G7 countries agree to cap price of Russian oil at $60 per barrel — European Commission
According to the document, "while the EU's ban on importing Russian seaborne crude oil and petroleum products remains fully in place, the price cap will allow European operators to transport Russian oil to third countries, provided its price remains strictly below the cap"
BRUSSELS, December 3. /TASS/. G7 countries, European Union member states and Australia agreed to cap the price of Russian seaborne oil at $60 per barrel starting on December 5, the European Commission said in a statement on Saturday.

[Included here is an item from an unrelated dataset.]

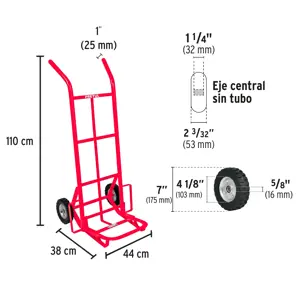 Pretul Diablo de carga de 200 kg, ruedas sólidas, balero sencillo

"The international Price Cap Coalition has today finalized its work on implementing an oil price cap on Russian seaborne crude oil. EU Member States in the Council have also just approved in parallel its implementation within the EU. The cap has been set at a maximum price of $60 per barrel for crude oil and is adjustable in the future in order to respond to market developments," the statement reads.
"The price cap also provides for a smooth transition - it will not apply to oil purchased above the price cap, which is loaded onto vessels prior to December 5 and unloaded before January 19, 2023," the European Commission added.
According to the document, "while the EU's ban on importing Russian seaborne crude oil and petroleum products remains fully in place, the price cap will allow European operators to transport Russian oil to third countries, provided its price remains strictly below the cap".
At the same time, the European Commission has confirmed that exclusions for some EU countries remain in effect, which particularly concerns Hungary who receives oil only through pipelines and supported Brussels’ move on the condition that the price cap would not apply to pipeline supplies.
Meanwhile, the European Union will prohibit its operators from insuring, financing and servicing third countries’ vessels transporting Russian oil purchased above a price cap for 90 days, the European Commission pointed out.
"If a third country flagged vessel intentionally carries Russian oil above the price cap, EU operators will be prohibited from insuring, financing and servicing this vessel for the transport of Russian oil or petroleum products for 90 days after the cargo purchased above the price cap has been unloaded. If an EU vessel, such as an EU flagged vessel, violates the price cap, it will be subject to the consequences that follow under each Member State's national legislation," the commission explained.
Russia said earlier that it would not provide energy resources to countries introducing price caps and was determined to operate only on market terms.